Task directions ::
Starting at the line that contains "Blunt Leaved Milkweed.", transcribe every remaining line of the data below exactly, and omit all pictures.

Data excerpts: Begin

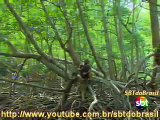 2/5 - Aventura Selvagem - 23/07/2010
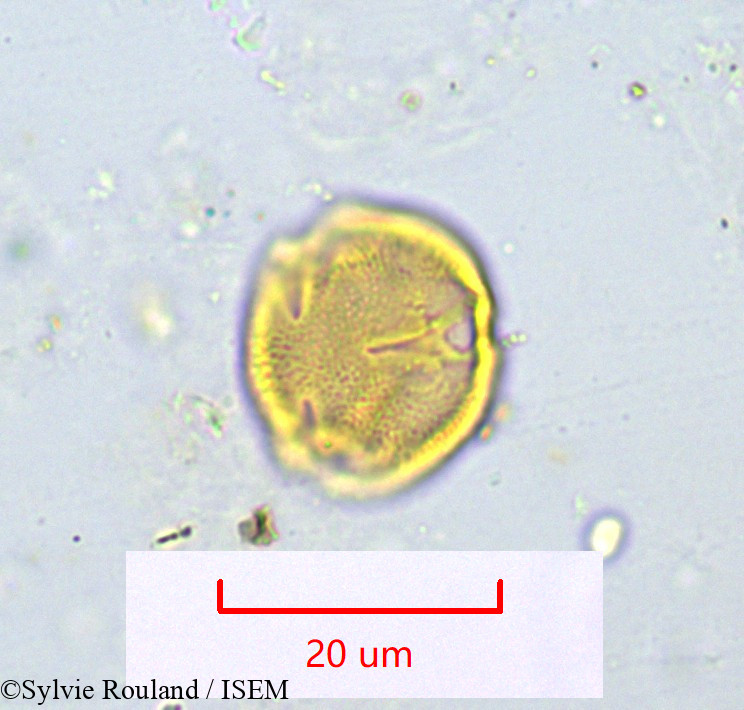 Sylvie.Rouland/Simirestis_sp_1100/Simirestis_sp_1100_0005(copy).jpg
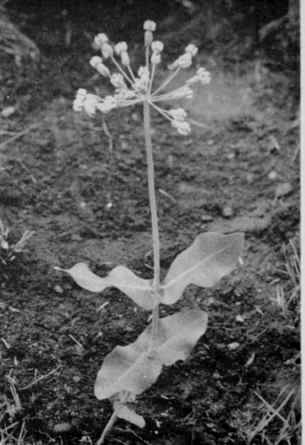 Blunt Leaved Milkweed.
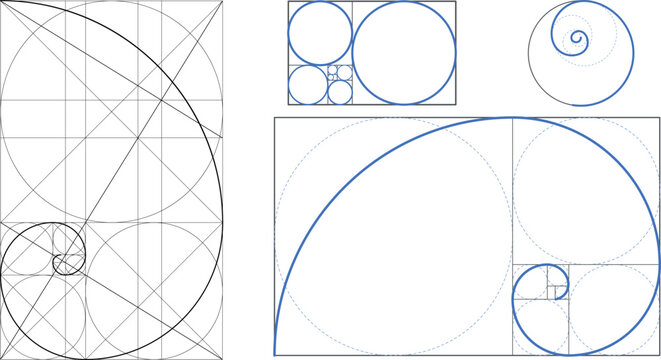 Fibonacci Golden Ratio Spiral Vector with Rectangle Grid Proportion Diagram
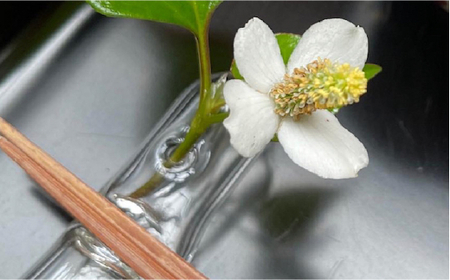 【ステンドグラスのある暮らし】花一輪 箸置き 5個セット＜ウェーブGグラス工房＞那珂川市 ステンドグラス インテリア 一輪差し 植物 花 観葉植物  10000 10000円 [GAW021]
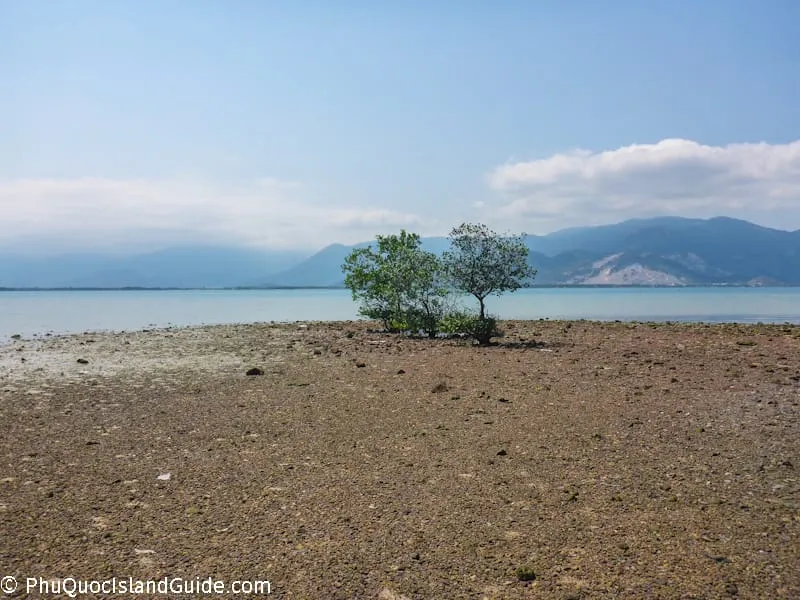 diep son island in low tide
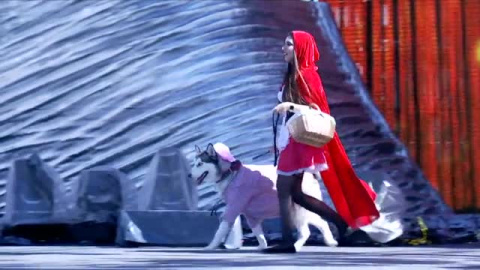 El caniche Chanel triunfa en el carnaval canino de Las Palmas con la fantasía 'Platinium'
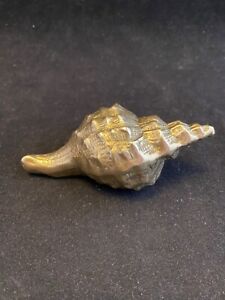 New ListingVINTAGE BRASS CONCH SHELL SOLID APPROXIMATELY 4 1/2 X 2 1/2 GORGEOUS!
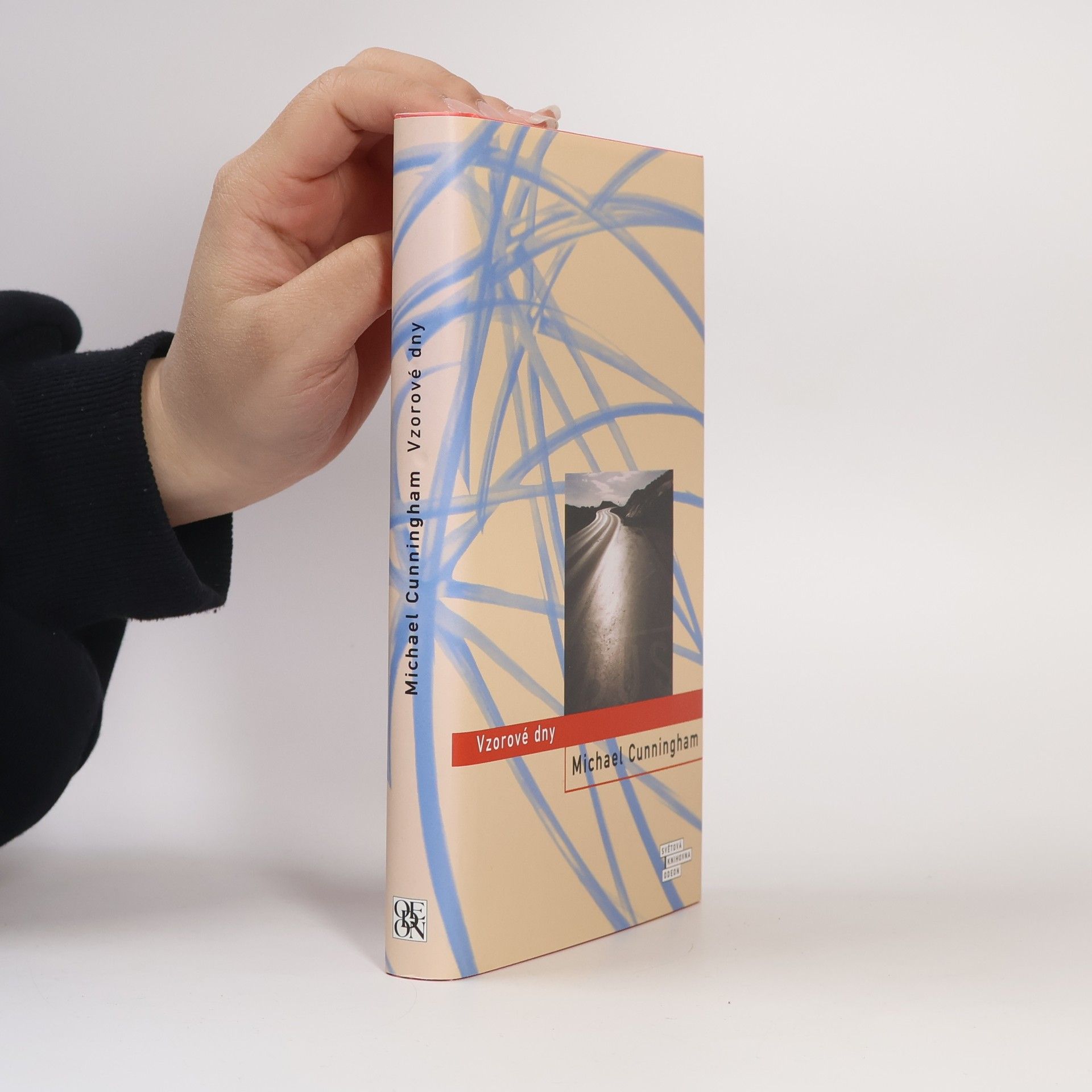 Michael Cunningham Vzorové dny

Data excerpts: End

Task answer ::
 Blunt Leaved Milkweed.
 Fibonacci Golden Ratio Spiral Vector with Rectangle Grid Proportion Diagram
 【ステンドグラスのある暮らし】花一輪 箸置き 5個セット＜ウェーブGグラス工房＞那珂川市 ステンドグラス インテリア 一輪差し 植物 花 観葉植物  10000 10000円 [GAW021]
 diep son island in low tide
 El caniche Chanel triunfa en el carnaval canino de Las Palmas con la fantasía 'Platinium'
 New ListingVINTAGE BRASS CONCH SHELL SOLID APPROXIMATELY 4 1/2 X 2 1/2 GORGEOUS!
 Michael Cunningham Vzorové dny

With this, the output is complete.